Gokyo – Lungden – a pass!

16. April 2024



In the morning it went as planned: at 5.30am Tenji shouldered both backpacks and I shouldered my camera. A word about both nights above 4,000 metres: Does anyone remember the blog about the Annapurna circuit? I complained about sleeplessness on the two nights above 4,000 metres, feeling unwell, with lots of worries and the certainty of descending – which disappeared into thin air after my morning coffee. This time I had thought about something: if coffee is so successful in the morning, maybe it’s the same at night? I had a “luxury bag” that I could put in Tenji’s large backpack. It contained my St. Pauli hoodie (too heavy and big for trekking compared to fleece), which was the best decision as a night top – cosy and with a hood – and a small thermos flask, which I had filled with hot water in the evening. Instant coffee and biscuits came into play when I started to get a headache and feel unwell. And it worked! The headaches went away and the mental worries didn’t even materialise. Of course I was mostly sleepless, but I was also sleepless without coffee at high altitudes.


The lake lay there quietly, we walked along the right-hand side towards the pass. People had already set off in front of us, and at some point the next ones came behind us. My throat and bronchial tubes were quite sore and my legs were pretty weak. Sometimes I toyed with the idea of turning round, but somehow I thought that was stupid and so I continued step by step.














Back there, the sun was just crawling over Mt Everest and we were no longer hiking in the shade.

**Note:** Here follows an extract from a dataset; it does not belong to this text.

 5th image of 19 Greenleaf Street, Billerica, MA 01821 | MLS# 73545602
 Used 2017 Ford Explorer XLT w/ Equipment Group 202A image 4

Here you can now see the path quite clearly: first the zigzag upwards (which was partly steeper than it looks here), then to the left to the snowfield and further upwards. And somewhere much higher up was the pass.






This person with the blue backpack overtook us, but Tenji kept having to call him back on his choice of route because he kept wanting to go the wrong way. He later found other people who he could follow well.

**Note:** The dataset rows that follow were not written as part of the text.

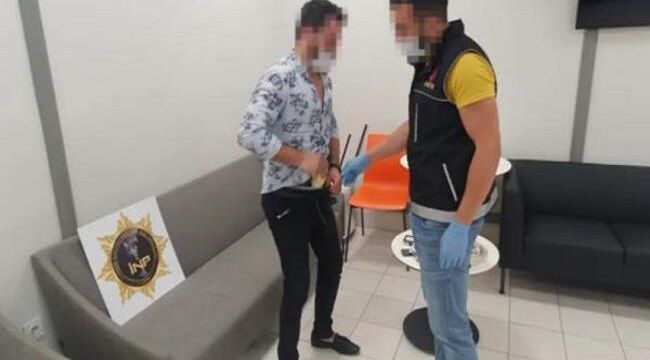 İstanbul Havalimanı'nda uyuşturucu satıcısına operasyon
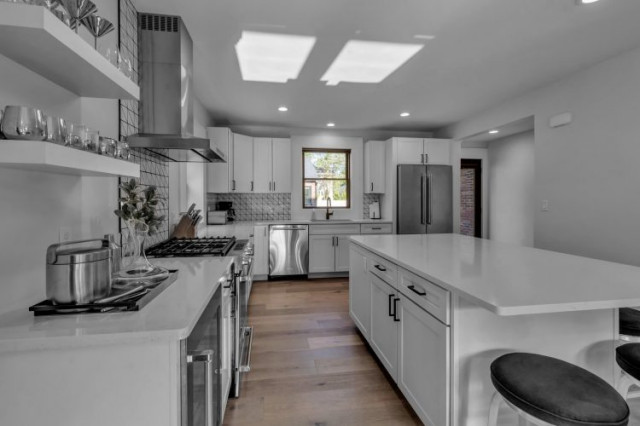 Devonshire transitional-kitchen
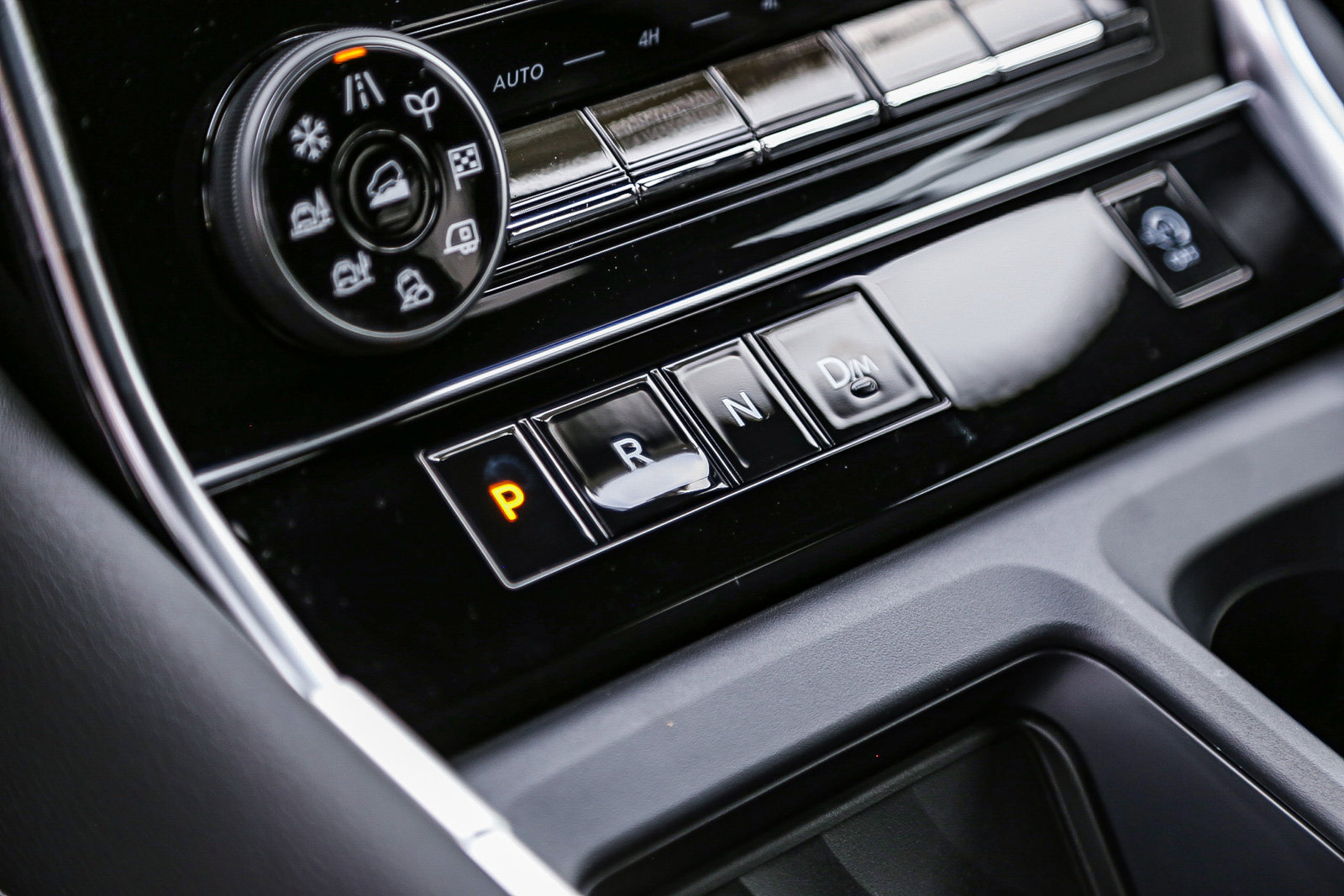 2025 Nissan Armada SL photo 20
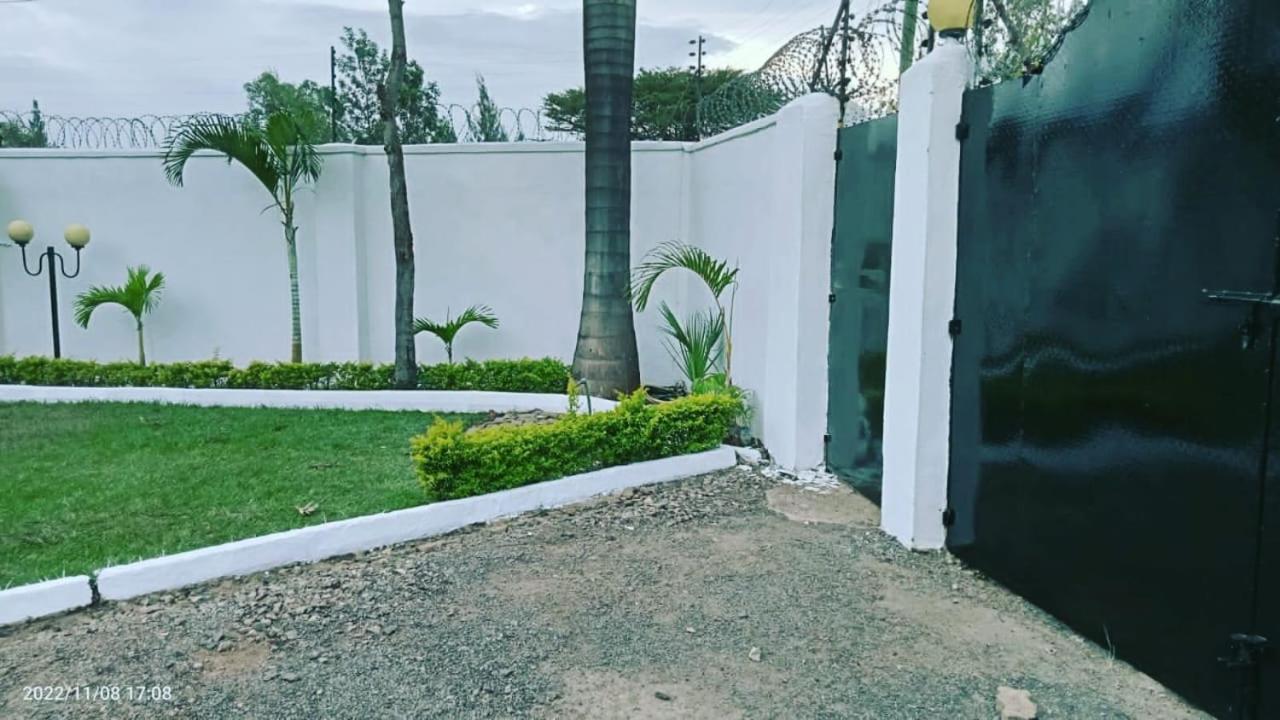 Sofitel 3 Bedrooms Own Compound Mamboleo Kisumu Exterior photo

Here you can now see Mt. Everest, the highest mountain massif on the left under the sun, which is Mt. Everest, Nuptse and Lhotse.










And after the snowfield, I was fighting for every step and had the feeling that the pass was infinitely high and unreachable. Fortunately, my feeling wasn’t right and at some point I was actually sitting under the prayer flags and shed a few tears of exhaustion again. It was definitely one of the passes where I struggled the most. The Renjo-la is 5,360 metres high, but it was already a bit late for the great view as it was getting cloudy. Tenji didn’t seem very exhausted, he knew how to deal with my emotions better by now and was simply happy that we were now at the top.

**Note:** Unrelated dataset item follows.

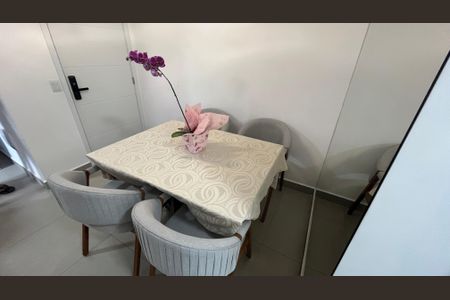 Apartamento à venda com 61m², 2 quartos e 1 vaga Apartamento à venda com 61m², 2 quartos e 1 vagaSala de Jantar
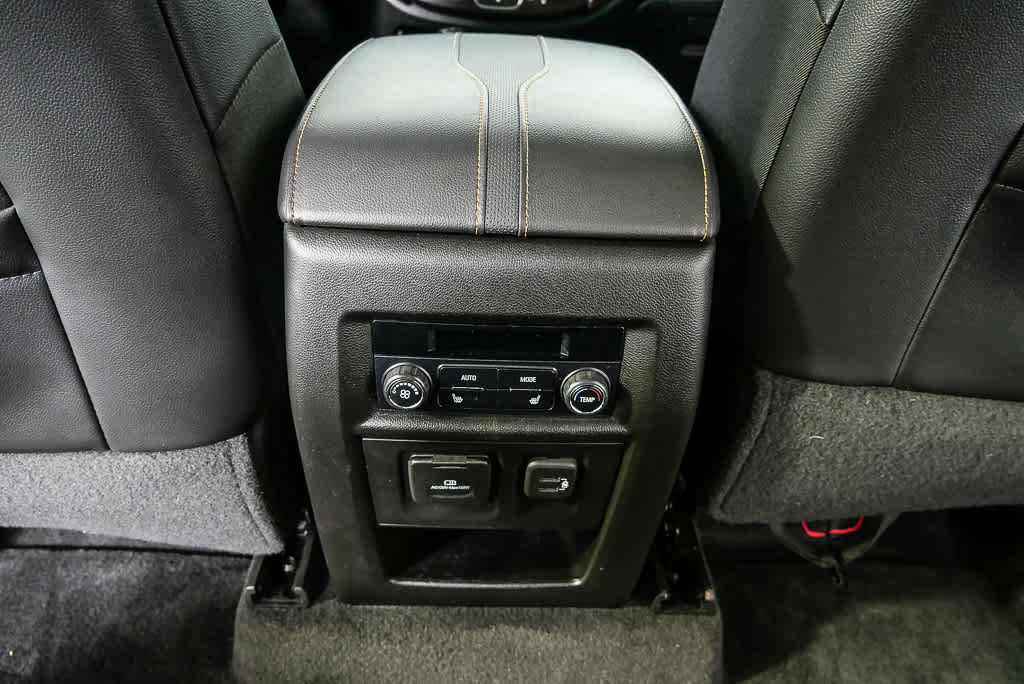 Used 2019 Chevrolet Traverse Premier w/ Driver Confidence II Package image 21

Gokyo-view (incl. Everest and Lhotse)


There was also a lake on the other side. There were many steps leading down to it. I was able to walk a little faster there. And after lunch halfway down, I carried my backpack myself again.







After lunch, we met some people who wanted to go up. They looked terribly exhausted and their guides didn’t look too happy either. It was already a bit late and the route was still long. I would actually not have liked to do the 3 passes tour from their pass side – and was now glad to have done it the other way round. The ascent is much harder. Not only do you have to walk more metres in altitude (400 m), but you first have a steeper ascent, then a very long stretch of gentler ascent and then, if you’re so altitude-deprived anyway, you have to climb all the steps really hard.




So I went down steeply and then it became flatter and looked completely different, especially when it was cloudy.










Lungden, a small village at 4,400 metres, was our destination. The lodge there was very popular and a little more crowded. Once again, I got talking to an Indian at the stove. Why were there so many here? Yes, Indian life was changing a lot. They had realised that there was a little more to life besides work and family. Another Indian also remarked that there was now something like “me-time” as a value in India. Although I am only talking about male Indians here, there were also many women – but they tended to be travelling in larger groups directly to Everest Base Camp.

Almost all of them wanted to set off for the pass at 4.30 am or so. When I arrived for breakfast at 7:00, the Indian was still there: digestive problems. Better to wait a day.


I kept coughing and sniffling to myself (actually not the best thing to do by the stove, but it was so cold further away….) and because the lodges are very wafer-thin, I felt even more sorry for everyone that night when I just couldn’t stop coughing.